Oluwagbade Odimayo

Posted on May 26

The Pipeline Nobody Builds After DESeq2 Finishes

#bioinformatics #python #fastapi

A production-grade differential expression pipeline with biological validation, FastAPI, and an interactive volcano plot dashboard, built on real NCBI GEO breast cancer data

GitHub: github.com/gbadedata/ngs-results-explorer
Dataset: GSE183947, Human breast cancer RNA-Seq, NCBI GEO
Stack: Python 3.12, FastAPI, Plotly Dash, pandas, pyarrow, pytest, GitHub Actions

Here is something that nobody tells you when you start learning bioinformatics data engineering.

Running the analysis is the easy part.

DESeq2 takes your count matrix and returns a table. ERBB2 shows a log2 fold change of 4.21, a p-value of 1.2e-15, a base mean of 892.3. The software ran. The numbers came out. And then you are completely on your own. How do you validate that those numbers are actually correct? How do you query ten thousand genes in under a second? How do you give a bench scientist access to these results without making them learn R? How do you know, six months later, why two records were excluded from the analysis?

These questions are not bioinformatics questions. They are data engineering questions. And they are the questions that production genomics platforms spend most of their engineering time solving.
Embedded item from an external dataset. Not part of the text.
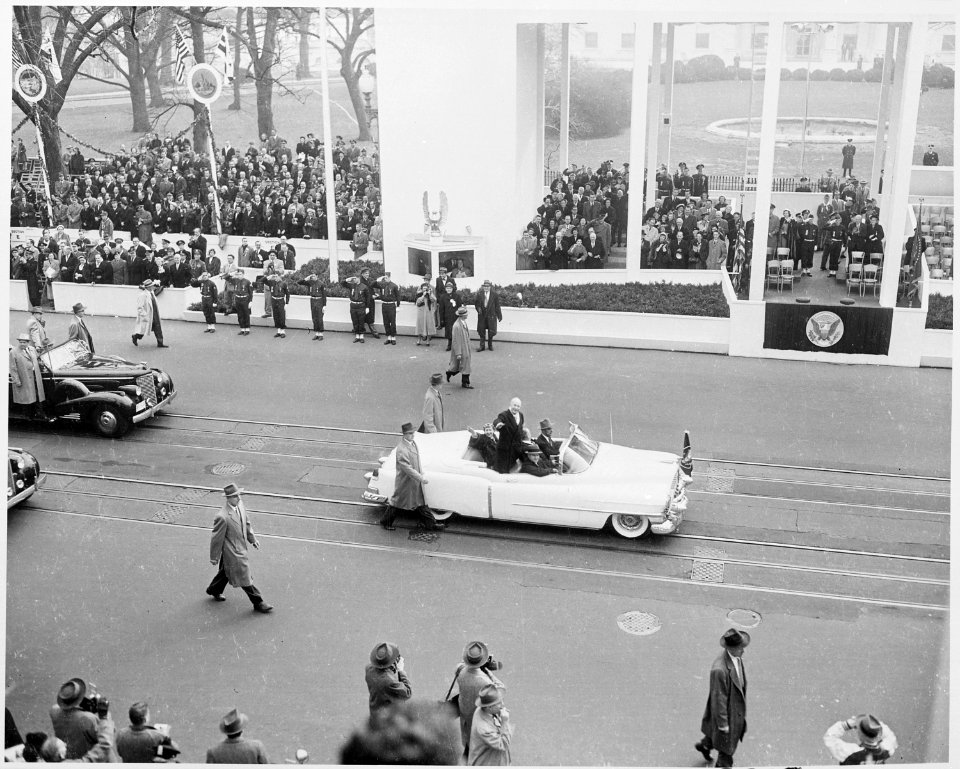 Photograph of President Dwight D. Eisenhower and First Lady Mamie Eisenhower waving to crowds as they ride in the... - NARA - 200425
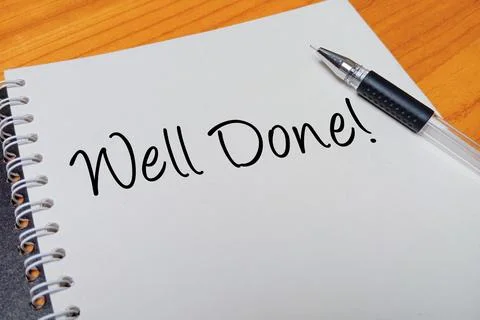 Top view of an open spiral notebook with Well Done! handwritten text overla.. Stock Photos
NGS Results Explorer is my attempt to build the full answer to all of them, from scratch, on real data, with everything documented.

This is the complete technical walkthrough.

Why Breast Cancer Data From NCBI GEO

The dataset is GSE183947, a published RNA-Seq study comparing human breast cancer tumour tissue against matched normal tissue. It is publicly available on NCBI GEO. The published findings are well-characterised in the literature, which means I can validate whether the pipeline is producing biologically correct results rather than just technically correct results.

When the pipeline runs correctly, ERBB2 should be upregulated. So should MYC, ESR1, and CCNE1. BRCA1 and BRCA2 should be downregulated. PTEN should be downregulated. These are not controversial findings. If those genes are not in the correct direction with the correct magnitude, something is wrong with the pipeline, not the biology.

This is important. A lot of portfolio projects use synthetic data where there is no ground truth. You can produce any output and call it correct. Using real published data with known results means the biology itself validates the engineering.

The Architecture Before a Single Line of Code

Before writing anything, I drew out the full data flow. This discipline matters more than most tutorials suggest. When you design the architecture first, you discover constraints you would not have seen mid-implementation.

NCBI GEO (GSE183947)
     |
     v
GEO Fetcher          -- requests, tenacity, NCBI rate limiting, local JSON cache
     |
     v
Raw gene records     -- gene_id, gene_name, log2fc, pvalue, padj, base_mean
     |
     v
Validation Engine    -- 9 rules, quarantine-not-delete
     |-- Passed (51 genes) --> clean records
     |-- Failed  (2 genes) --> quarantine CSV + rejection reason + UTC timestamp
          |
          v
Data Processor       -- significance flags, regulation direction,
                        neg_log10_pvalue, log2FC bins, Parquet output
          |
          |--------------------------|
          v                          v
FastAPI REST API             Plotly Dash Dashboard
8 endpoints                  Volcano plot
Swagger /docs                Gene table
Pydantic v2 schemas          QC summary
Pagination + filters         Interactive filters
          |
          v
GitHub Actions CI    -- flake8, pytest, 35 tests

Five layers. Each layer has one job. Each layer hands off to the next through a clean interface. No layer reaches backwards into a previous layer. This is the structure that makes the whole thing testable, debuggable, and extensible.

The Fetcher: NCBI Rate Limits and Why Tenacity Matters

NCBI allows three API requests per second for anonymous users. Exceed that limit and your IP gets temporarily blocked. This sounds like a footnote but it is actually one of the first real engineering constraints you hit when working with genomics data at scale.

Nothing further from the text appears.